110: Andolsun ki, Musa’ ya kitabı verdik de onda anlaşmazlığa düşüldü. Rabbinden önceden verilmiş bir söz olmasaydı, kesinlikle aralarında hüküm verilmiş, bitmiş olurdu. Onlar ise bundan kuşkulu bir şüphe içindedirler.
111: Gerçekten her biri öyle kimselerdi ki, Rabbin onlara yaptıklarının karşılığını mutlaka ödeyecektir. Çünkü O, bütün yaptıklarından haberdardır.
112: Onun için emrolunduğun gibi dosdoğru ol; sen ve beraberinde tevbe edenler de böyle olsun ve aşırı gitmeyin! Çünkü O, bütün yaptıklarınızı görür.
113: Ve zulmedenlere meyl etmeyin; yoksa size ateş dokunur.
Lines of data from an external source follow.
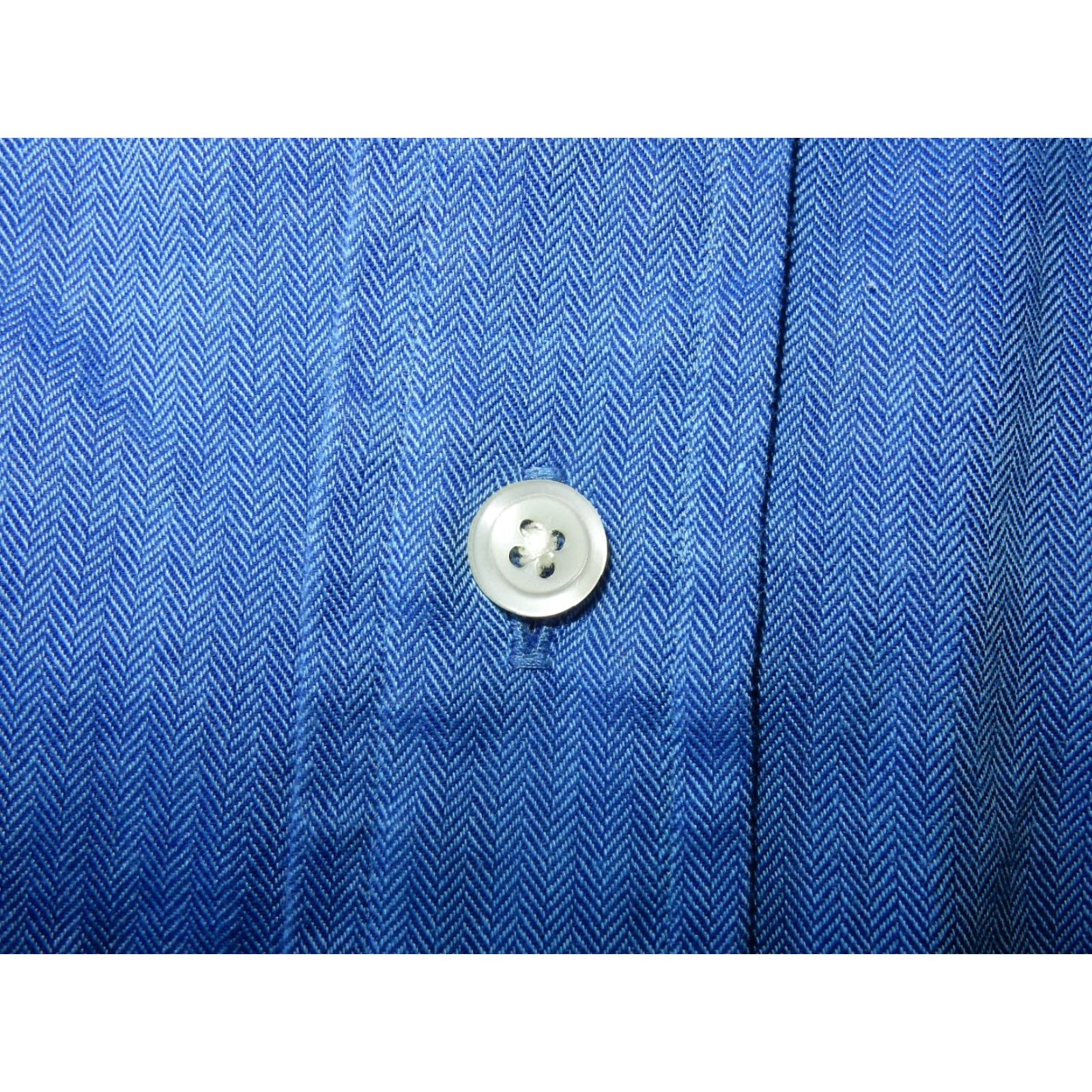 Tommy Hilfiger Tommy Hilfiger Dress Shirt Men 16.5-32/33 Blue Long Sleeve 16.5 16.5-32/33 Mens Shirt Dress Shirt Blue 90s? Size 42R - 2 Thumbnail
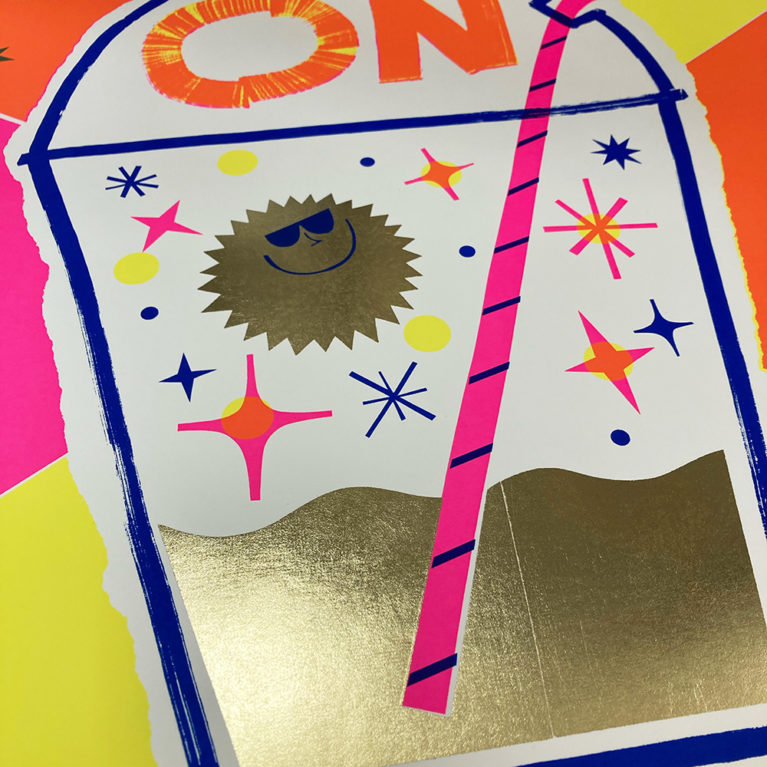 David Newton Print Club London Screen Print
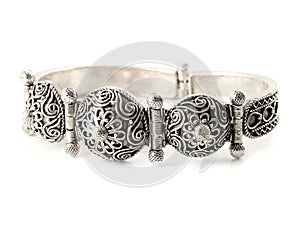 Silver bracelet photo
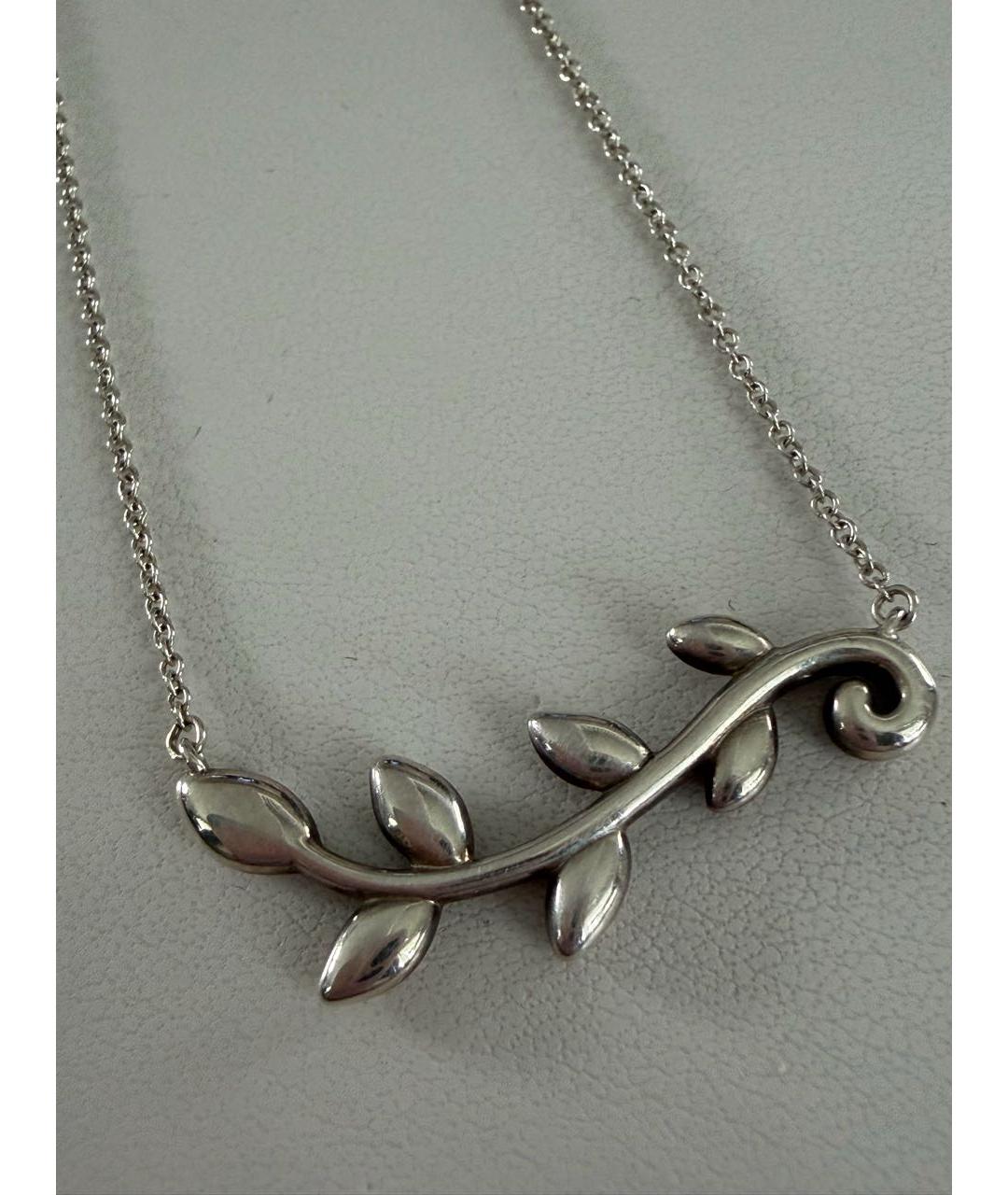 TIFFANY&CO Серебряное серебряное колье, фото 6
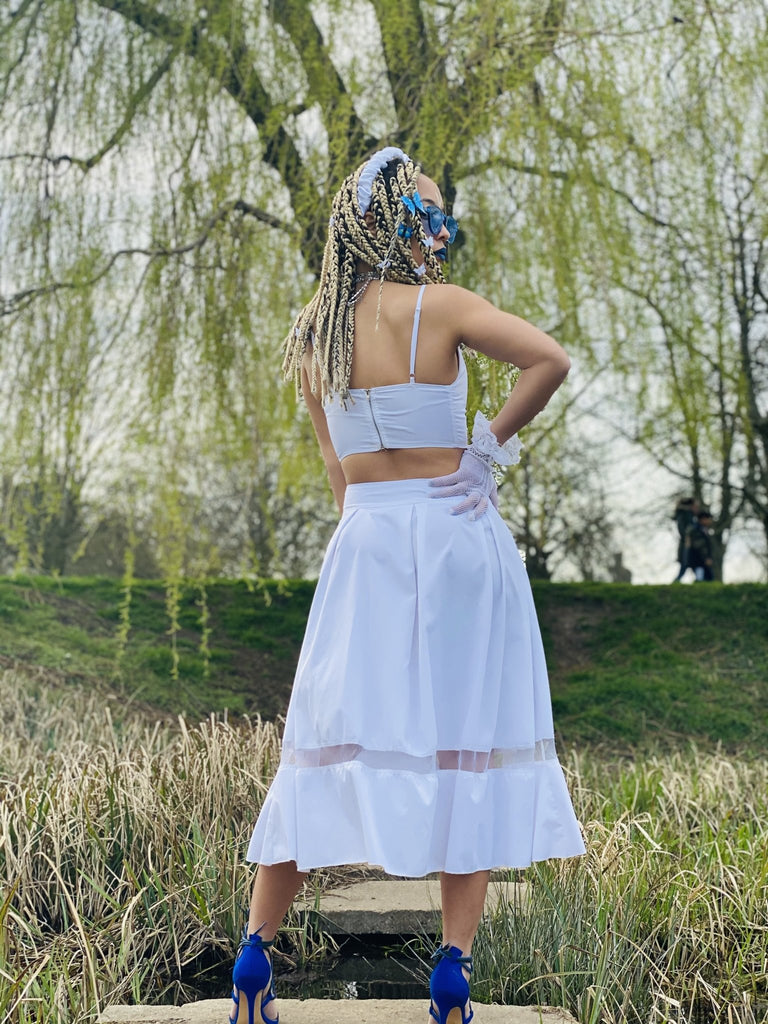 Imperial Bralette + A-Line Skirt Co-ord - One Wear Freedom #product_tags#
Allah’tan başka kayıranlarınız da yoktur; sonra kurtulamazsınız.
114: Gündüzün iki tarafında ve gecenin gündüze yakın saatlerinde namaz kıl! Çünkü iyilikler, kötülükleri giderir. Bu, algılaması olanlara bir öğüttür.
115: Ve sabret, çünkü Allah iyi davrananların mükafatını ziyan etmez.
116: Şimdi sizden önceki devirlerden yeryüzünde bozgunculuğu yasaklayan faziletli kimseler bulunmalıydı. Ancak onlardan, yalnızca kurtardığımız pek az kimselerden başka yok. Zulmedenler ise kendisi ile şımartıldıkları refahın ardına düştüler ve hep suçlu oldular.
117: Rabbin ahalisi iyi gidişatlı olan o memleketleri haksızlık yapacak helak edecek değildi ya!
118: Rabbin dileseydi, kesinlikle bütün insanları bir tek ümmet yapardı. Oysa ihtilaf edip duracaklardır.
119: Ancak Rabbinin rahmeti ile bağışladığı kimseler başka. Zaten onları bunun için yarattı ve Rabbinin: «Andolsun ki, cehennemi tamamen cinlerden ve insanlardan dolduracağım!» sözü tamamen yerine geldi.
120: Peygamberlerin haberlerinden kalbini kuvvetlendireceğimiz her türlüsünü sana anlatıyoruz. Bu surede de sana gerçek, mü’minlere bir öğüt ve uyarı geldi.
121: İman etmeyenlere de ki: «Siz yerinizde sayarak, yapacağınızı yapın! Mutlaka biz de çalışıyoruz.
122: Bekleyin! Her halde biz de bekliyoruz.»
123: Bununla beraber göklerin ve yerin sırrını Allah bilir. Bütün işler O’na döndürülür; yalnız O’na ibadet et ve O’na dayan! Rabbin yaptığınızdan ve yapacağınızdan habersiz değildir.